**Work instructions:**
Copy out the data below. Keep every word as it is.

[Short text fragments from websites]

=== Section Start ===

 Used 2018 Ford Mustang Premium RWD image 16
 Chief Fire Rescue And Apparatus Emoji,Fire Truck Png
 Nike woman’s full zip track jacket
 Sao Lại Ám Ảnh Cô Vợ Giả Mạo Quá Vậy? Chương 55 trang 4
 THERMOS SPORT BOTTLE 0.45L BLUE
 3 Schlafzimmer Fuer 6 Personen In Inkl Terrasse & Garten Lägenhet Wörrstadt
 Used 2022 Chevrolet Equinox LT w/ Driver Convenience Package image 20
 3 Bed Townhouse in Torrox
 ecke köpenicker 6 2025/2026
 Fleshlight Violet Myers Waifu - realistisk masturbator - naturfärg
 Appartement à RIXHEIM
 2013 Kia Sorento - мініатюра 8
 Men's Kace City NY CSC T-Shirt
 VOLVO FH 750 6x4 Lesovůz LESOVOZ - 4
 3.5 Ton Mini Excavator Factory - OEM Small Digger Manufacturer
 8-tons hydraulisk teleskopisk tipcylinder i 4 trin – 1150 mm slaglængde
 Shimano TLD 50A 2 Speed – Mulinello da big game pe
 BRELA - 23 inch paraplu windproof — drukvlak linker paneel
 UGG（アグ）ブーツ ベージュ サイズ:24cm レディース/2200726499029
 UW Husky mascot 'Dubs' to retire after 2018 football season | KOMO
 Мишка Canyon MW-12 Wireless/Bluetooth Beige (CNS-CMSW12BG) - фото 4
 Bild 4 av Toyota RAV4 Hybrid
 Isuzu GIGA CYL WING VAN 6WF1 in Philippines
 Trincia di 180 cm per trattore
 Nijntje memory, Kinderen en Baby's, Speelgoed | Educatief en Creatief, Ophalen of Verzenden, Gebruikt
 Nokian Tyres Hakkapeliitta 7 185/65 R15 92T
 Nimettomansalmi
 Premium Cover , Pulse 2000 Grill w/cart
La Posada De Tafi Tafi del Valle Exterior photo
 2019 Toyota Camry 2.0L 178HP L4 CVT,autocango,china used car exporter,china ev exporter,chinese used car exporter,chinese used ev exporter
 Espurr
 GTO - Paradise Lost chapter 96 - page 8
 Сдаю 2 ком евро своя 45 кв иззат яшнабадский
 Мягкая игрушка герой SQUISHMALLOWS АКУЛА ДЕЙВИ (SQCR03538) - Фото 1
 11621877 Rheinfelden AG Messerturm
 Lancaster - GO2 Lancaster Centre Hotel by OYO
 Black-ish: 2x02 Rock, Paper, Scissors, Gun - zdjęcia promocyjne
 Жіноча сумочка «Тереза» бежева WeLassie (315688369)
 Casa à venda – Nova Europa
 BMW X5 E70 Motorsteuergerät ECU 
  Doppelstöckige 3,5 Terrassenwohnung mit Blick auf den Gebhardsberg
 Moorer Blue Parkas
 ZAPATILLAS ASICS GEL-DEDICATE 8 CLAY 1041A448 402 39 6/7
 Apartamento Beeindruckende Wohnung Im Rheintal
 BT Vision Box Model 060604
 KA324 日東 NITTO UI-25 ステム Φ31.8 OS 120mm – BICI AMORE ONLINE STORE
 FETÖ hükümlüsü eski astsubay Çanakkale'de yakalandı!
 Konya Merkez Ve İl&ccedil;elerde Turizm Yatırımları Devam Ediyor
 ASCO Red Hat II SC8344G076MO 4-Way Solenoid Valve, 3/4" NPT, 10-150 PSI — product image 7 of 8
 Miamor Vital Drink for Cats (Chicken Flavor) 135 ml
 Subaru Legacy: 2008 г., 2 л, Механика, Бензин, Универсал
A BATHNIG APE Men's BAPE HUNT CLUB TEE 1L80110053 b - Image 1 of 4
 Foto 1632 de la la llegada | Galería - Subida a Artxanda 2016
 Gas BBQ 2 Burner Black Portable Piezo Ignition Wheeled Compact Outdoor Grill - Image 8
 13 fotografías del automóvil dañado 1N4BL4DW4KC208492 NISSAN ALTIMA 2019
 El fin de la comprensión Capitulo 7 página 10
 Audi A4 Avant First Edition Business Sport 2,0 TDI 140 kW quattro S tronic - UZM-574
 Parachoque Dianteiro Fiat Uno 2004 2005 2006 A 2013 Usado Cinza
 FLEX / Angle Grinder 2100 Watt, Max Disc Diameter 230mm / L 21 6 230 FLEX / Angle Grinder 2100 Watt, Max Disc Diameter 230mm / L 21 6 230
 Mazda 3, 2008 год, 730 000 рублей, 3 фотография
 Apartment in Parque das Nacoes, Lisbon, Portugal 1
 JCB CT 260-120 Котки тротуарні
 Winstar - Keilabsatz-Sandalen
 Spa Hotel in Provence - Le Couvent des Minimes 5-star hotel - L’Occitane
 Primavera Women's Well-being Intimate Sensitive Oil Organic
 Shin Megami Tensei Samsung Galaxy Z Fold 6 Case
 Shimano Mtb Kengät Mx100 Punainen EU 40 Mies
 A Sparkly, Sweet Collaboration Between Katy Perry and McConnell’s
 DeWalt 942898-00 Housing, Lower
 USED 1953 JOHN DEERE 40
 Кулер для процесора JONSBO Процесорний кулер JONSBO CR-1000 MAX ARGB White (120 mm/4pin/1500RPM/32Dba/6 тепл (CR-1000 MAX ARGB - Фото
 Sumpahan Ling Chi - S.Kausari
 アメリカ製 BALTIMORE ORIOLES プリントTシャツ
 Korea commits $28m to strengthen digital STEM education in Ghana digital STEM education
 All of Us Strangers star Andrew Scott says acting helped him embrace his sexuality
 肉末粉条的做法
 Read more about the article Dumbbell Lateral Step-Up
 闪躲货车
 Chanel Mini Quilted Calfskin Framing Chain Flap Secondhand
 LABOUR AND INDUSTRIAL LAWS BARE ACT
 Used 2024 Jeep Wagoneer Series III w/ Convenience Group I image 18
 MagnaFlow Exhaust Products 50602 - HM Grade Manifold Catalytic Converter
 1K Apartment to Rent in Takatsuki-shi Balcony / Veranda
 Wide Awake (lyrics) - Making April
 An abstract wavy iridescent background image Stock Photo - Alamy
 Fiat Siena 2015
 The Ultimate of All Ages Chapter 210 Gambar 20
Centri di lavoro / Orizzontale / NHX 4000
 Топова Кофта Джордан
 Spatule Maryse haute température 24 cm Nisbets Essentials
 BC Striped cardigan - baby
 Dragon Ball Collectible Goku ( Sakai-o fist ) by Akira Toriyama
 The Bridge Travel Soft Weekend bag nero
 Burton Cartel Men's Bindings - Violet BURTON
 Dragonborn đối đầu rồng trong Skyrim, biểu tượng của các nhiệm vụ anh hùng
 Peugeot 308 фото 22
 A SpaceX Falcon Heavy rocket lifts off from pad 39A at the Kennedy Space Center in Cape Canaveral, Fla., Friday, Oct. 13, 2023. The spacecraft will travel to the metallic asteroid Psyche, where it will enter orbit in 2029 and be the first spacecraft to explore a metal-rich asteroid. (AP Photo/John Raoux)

=== Section End ===

**Response to the exercise:**
 Used 2018 Ford Mustang Premium RWD image 16
 Chief Fire Rescue And Apparatus Emoji,Fire Truck Png
 Nike woman’s full zip track jacket
 Sao Lại Ám Ảnh Cô Vợ Giả Mạo Quá Vậy? Chương 55 trang 4
 THERMOS SPORT BOTTLE 0.45L BLUE
 3 Schlafzimmer Fuer 6 Personen In Inkl Terrasse & Garten Lägenhet Wörrstadt
 Used 2022 Chevrolet Equinox LT w/ Driver Convenience Package image 20
 3 Bed Townhouse in Torrox
 ecke köpenicker 6 2025/2026
 Fleshlight Violet Myers Waifu - realistisk masturbator - naturfärg
 Appartement à RIXHEIM
 2013 Kia Sorento - мініатюра 8
 Men's Kace City NY CSC T-Shirt
 VOLVO FH 750 6x4 Lesovůz LESOVOZ - 4
 3.5 Ton Mini Excavator Factory - OEM Small Digger Manufacturer
 8-tons hydraulisk teleskopisk tipcylinder i 4 trin – 1150 mm slaglængde
 Shimano TLD 50A 2 Speed – Mulinello da big game pe
 BRELA - 23 inch paraplu windproof — drukvlak linker paneel
 UGG（アグ）ブーツ ベージュ サイズ:24cm レディース/2200726499029
 UW Husky mascot 'Dubs' to retire after 2018 football season | KOMO
 Мишка Canyon MW-12 Wireless/Bluetooth Beige (CNS-CMSW12BG) - фото 4
 Bild 4 av Toyota RAV4 Hybrid
 Isuzu GIGA CYL WING VAN 6WF1 in Philippines
 Trincia di 180 cm per trattore
 Nijntje memory, Kinderen en Baby's, Speelgoed | Educatief en Creatief, Ophalen of Verzenden, Gebruikt
 Nokian Tyres Hakkapeliitta 7 185/65 R15 92T
 Nimettomansalmi
 Premium Cover , Pulse 2000 Grill w/cart
La Posada De Tafi Tafi del Valle Exterior photo
 2019 Toyota Camry 2.0L 178HP L4 CVT,autocango,china used car exporter,china ev exporter,chinese used car exporter,chinese used ev exporter
 Espurr
 GTO - Paradise Lost chapter 96 - page 8
 Сдаю 2 ком евро своя 45 кв иззат яшнабадский
 Мягкая игрушка герой SQUISHMALLOWS АКУЛА ДЕЙВИ (SQCR03538) - Фото 1
 11621877 Rheinfelden AG Messerturm
 Lancaster - GO2 Lancaster Centre Hotel by OYO
 Black-ish: 2x02 Rock, Paper, Scissors, Gun - zdjęcia promocyjne
 Жіноча сумочка «Тереза» бежева WeLassie (315688369)
 Casa à venda – Nova Europa
 BMW X5 E70 Motorsteuergerät ECU 
  Doppelstöckige 3,5 Terrassenwohnung mit Blick auf den Gebhardsberg
 Moorer Blue Parkas
 ZAPATILLAS ASICS GEL-DEDICATE 8 CLAY 1041A448 402 39 6/7
 Apartamento Beeindruckende Wohnung Im Rheintal
 BT Vision Box Model 060604
 KA324 日東 NITTO UI-25 ステム Φ31.8 OS 120mm – BICI AMORE ONLINE STORE
 FETÖ hükümlüsü eski astsubay Çanakkale'de yakalandı!
 Konya Merkez Ve İl&ccedil;elerde Turizm Yatırımları Devam Ediyor
 ASCO Red Hat II SC8344G076MO 4-Way Solenoid Valve, 3/4" NPT, 10-150 PSI — product image 7 of 8
 Miamor Vital Drink for Cats (Chicken Flavor) 135 ml
 Subaru Legacy: 2008 г., 2 л, Механика, Бензин, Универсал
A BATHNIG APE Men's BAPE HUNT CLUB TEE 1L80110053 b - Image 1 of 4
 Foto 1632 de la la llegada | Galería - Subida a Artxanda 2016
 Gas BBQ 2 Burner Black Portable Piezo Ignition Wheeled Compact Outdoor Grill - Image 8
 13 fotografías del automóvil dañado 1N4BL4DW4KC208492 NISSAN ALTIMA 2019
 El fin de la comprensión Capitulo 7 página 10
 Audi A4 Avant First Edition Business Sport 2,0 TDI 140 kW quattro S tronic - UZM-574
 Parachoque Dianteiro Fiat Uno 2004 2005 2006 A 2013 Usado Cinza
 FLEX / Angle Grinder 2100 Watt, Max Disc Diameter 230mm / L 21 6 230 FLEX / Angle Grinder 2100 Watt, Max Disc Diameter 230mm / L 21 6 230
 Mazda 3, 2008 год, 730 000 рублей, 3 фотография
 Apartment in Parque das Nacoes, Lisbon, Portugal 1
 JCB CT 260-120 Котки тротуарні
 Winstar - Keilabsatz-Sandalen
 Spa Hotel in Provence - Le Couvent des Minimes 5-star hotel - L’Occitane
 Primavera Women's Well-being Intimate Sensitive Oil Organic
 Shin Megami Tensei Samsung Galaxy Z Fold 6 Case
 Shimano Mtb Kengät Mx100 Punainen EU 40 Mies
 A Sparkly, Sweet Collaboration Between Katy Perry and McConnell’s
 DeWalt 942898-00 Housing, Lower
 USED 1953 JOHN DEERE 40
 Кулер для процесора JONSBO Процесорний кулер JONSBO CR-1000 MAX ARGB White (120 mm/4pin/1500RPM/32Dba/6 тепл (CR-1000 MAX ARGB - Фото
 Sumpahan Ling Chi - S.Kausari
 アメリカ製 BALTIMORE ORIOLES プリントTシャツ
 Korea commits $28m to strengthen digital STEM education in Ghana digital STEM education
 All of Us Strangers star Andrew Scott says acting helped him embrace his sexuality
 肉末粉条的做法
 Read more about the article Dumbbell Lateral Step-Up
 闪躲货车
 Chanel Mini Quilted Calfskin Framing Chain Flap Secondhand
 LABOUR AND INDUSTRIAL LAWS BARE ACT
 Used 2024 Jeep Wagoneer Series III w/ Convenience Group I image 18
 MagnaFlow Exhaust Products 50602 - HM Grade Manifold Catalytic Converter
 1K Apartment to Rent in Takatsuki-shi Balcony / Veranda
 Wide Awake (lyrics) - Making April
 An abstract wavy iridescent background image Stock Photo - Alamy
 Fiat Siena 2015
 The Ultimate of All Ages Chapter 210 Gambar 20
Centri di lavoro / Orizzontale / NHX 4000
 Топова Кофта Джордан
 Spatule Maryse haute température 24 cm Nisbets Essentials
 BC Striped cardigan - baby
 Dragon Ball Collectible Goku ( Sakai-o fist ) by Akira Toriyama
 The Bridge Travel Soft Weekend bag nero
 Burton Cartel Men's Bindings - Violet BURTON
 Dragonborn đối đầu rồng trong Skyrim, biểu tượng của các nhiệm vụ anh hùng
 Peugeot 308 фото 22
 A SpaceX Falcon Heavy rocket lifts off from pad 39A at the Kennedy Space Center in Cape Canaveral, Fla., Friday, Oct. 13, 2023. The spacecraft will travel to the metallic asteroid Psyche, where it will enter orbit in 2029 and be the first spacecraft to explore a metal-rich asteroid. (AP Photo/John Raoux)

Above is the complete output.